Refugee Testimony: Former disciple of disappeared Buddhist scholar escapes Tibet

Tenzin Dawa (name changed), 36, is a Tibetan monk from Barmi Monastery in Tsongru (Ch: Chonger) Township of Dzoege (Ch: Ru’ergai) County, Ngaba (Ch: Aba) Tibetan and Qiang Autonomous Prefecture, Sichuan Province, in the Tibetan province of Amdo. Dzoege County has witnessed at least seven confirmed self-immolation protests so far.

Tenzin Dawa reached India early this month. He is also a former disciple of Gyen Kunchok Nyima, a Buddhist scholar and teacher at Drepung Monastery who went missing since April 2008 after his detention and subsequent sentencing to 20 years in prison. Tenzin Dawa says there are many disciples of Gyen Kunchok Nyima looking for information about the whereabouts of their teacher. No one knows where the Buddhist scholar is imprisoned or whether he is alive.

In his testimony to TCHRD, Tenzin Dawa recounts the current situation inside Tibet in particular his hometown in Dzoege where local Chinese authorities have planted spies in every village to monitor conversations and keep a strict watch over Tibetan activities, in an ongoing effort to prevent self-immolation and other protests.

The testimony also contains details on how Chinese authorities attempted to pressure local Tibetans to sign an official order that forbids any kind of activities to support or sympathise with self-immolation protests.

The monk also talks about the implementation of a new policy in October 2012 at Barmi Monastery under which the Chinese government now pays monthly salary to monastic staff and teachers including the abbot and disciplinarian (Tib: gekyo). The monthly payment is made on the strict condition that no political disturbances would be allowed in the monastery and all monks would pledge their political allegiance to the Chinese Communist Party (CCP) and the Chinese state. Although there is no information about other monasteries following the same practice, it appears that the new practice was an ‘experimental’ precursor to a regulation passed in December 2012 which gives the Chinese government all authority and power to appoint religious instructors in Buddhist monasteries.

TCHRD presents here a translated and edited testimony of Tenzin Dawa:

“I became a monk at 14 at Barmi Monastery. After studying there for some years, I went on a pilgrimage, by doing prostrations all the way to Lhasa. The trip to Lhasa took two years and two months.

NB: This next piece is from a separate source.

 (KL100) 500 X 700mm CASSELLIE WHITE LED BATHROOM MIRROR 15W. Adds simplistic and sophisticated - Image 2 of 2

In Lhasa, we offered prayers at Sera, Drepung and Gaden monasteries, and spent about three months in front of the Jokhang Temple doing prostrations and prayers and then returned back to Barmi.

In 2004, I was with a group of 12 Tibetans fleeing Tibet through Lhasa. We had almost reached Nepal when the Chinese border police caught us near a snow-covered mountain at Sharkhumbu. We were beaten up and taken to Dingri where Chinese policemen took us in their custody. We were kept in a detention centre and beaten and interrogated for long hours.

After about 15 days, we were taken to another detention centre in Shigatse. We were detained there for six months and interrogated again. They particularly wanted to know why I wanted to leave Tibet. After months of detention and beatings, they finally released me probably because they found nothing incriminating or suspicious about my background.

After release from detention, I went back to Lhasa where I stayed for about one year, during which I helped organize prayers and rituals at people’s homes. But I wanted to continue my studies and therefore, I returned to Barmi Monastery. I soon realized that Barmi Monastery lacked adequate learning facilities for higher studies. This prompted me to join the great Drepung Monastery in Lhasa.

Around the end of 2006, I travelled to Lhasa and joined Drepung as a non-regular student and continued my religious studies under the guidance of the popular scholar and teacher Venerable Konchok Nyima.

On 10 March 2008, I took part in a peaceful protest organized by monks at Drepung. As we left the monastery compound and made our way towards Lhasa city, a huge contingent of Public Security Bureau (PSB) and People’s Armed Police (PAP) stopped us from moving forward. After some time, we were forced to return to the monastery.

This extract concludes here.